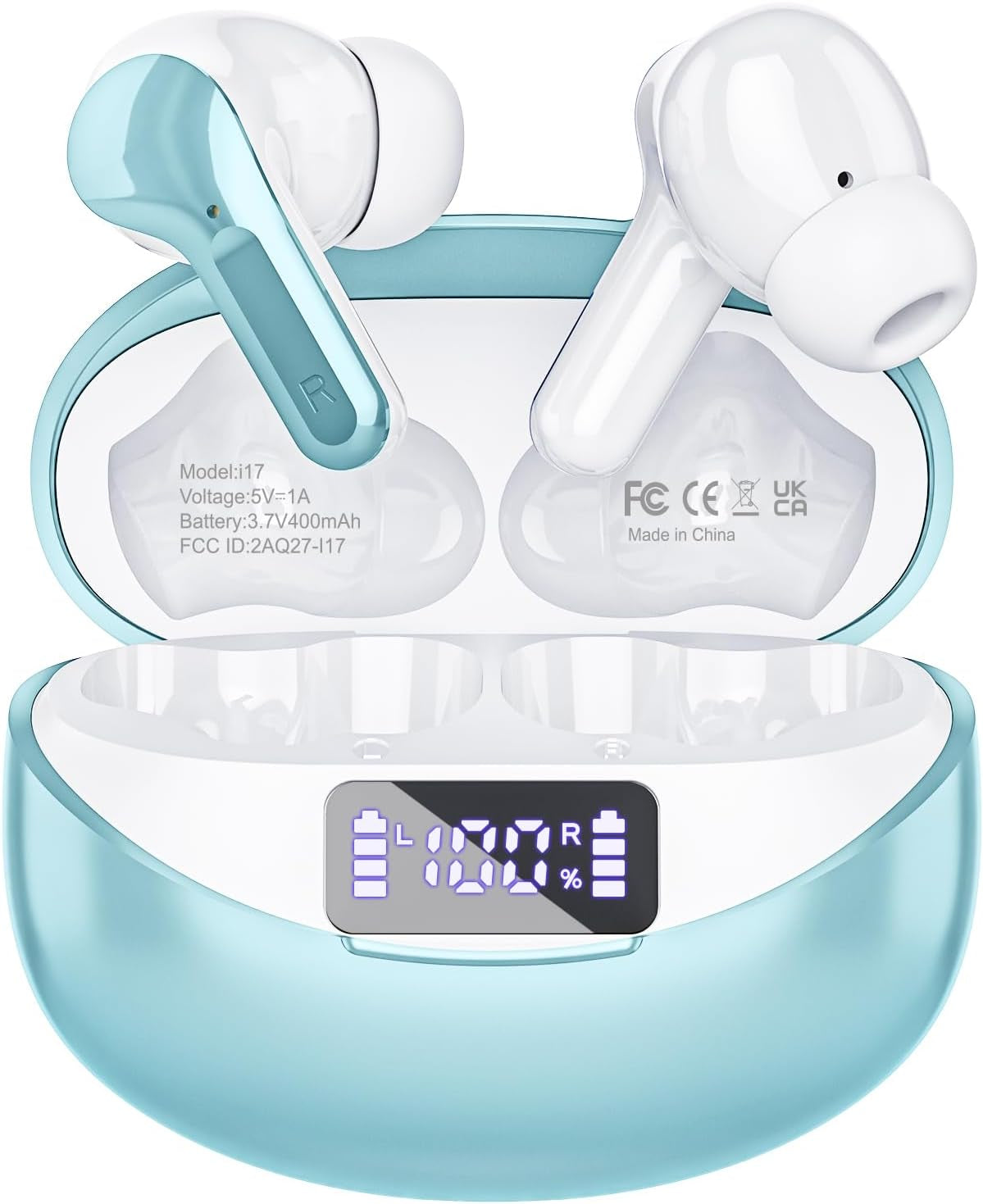 Wireless Earbuds Bluetooth Headphones 50H Playback Ear Buds with IPX7 Waterproof, HD Microphone, LED Display for Iphone and Andriod White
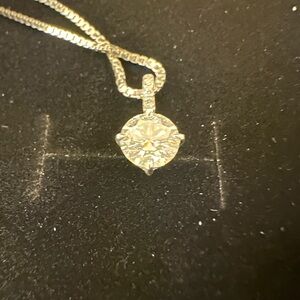 1ctw. Moissanite diamond pendant Silver Necklace by GRA w/ Certificate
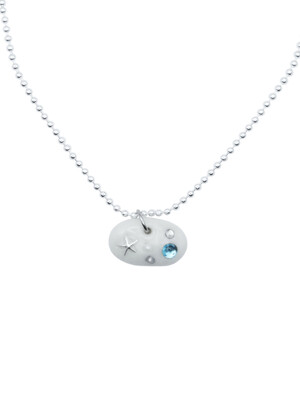 blue stone silver necklace-white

== Task directions ==
The lines from the one containing "1ctw. Moissanite diamond" to the final line of the material, both ends included, should be retyped exactly and alone, with no pictures.

== Solution to this task ==
 1ctw. Moissanite diamond pendant Silver Necklace by GRA w/ Certificate
 blue stone silver necklace-white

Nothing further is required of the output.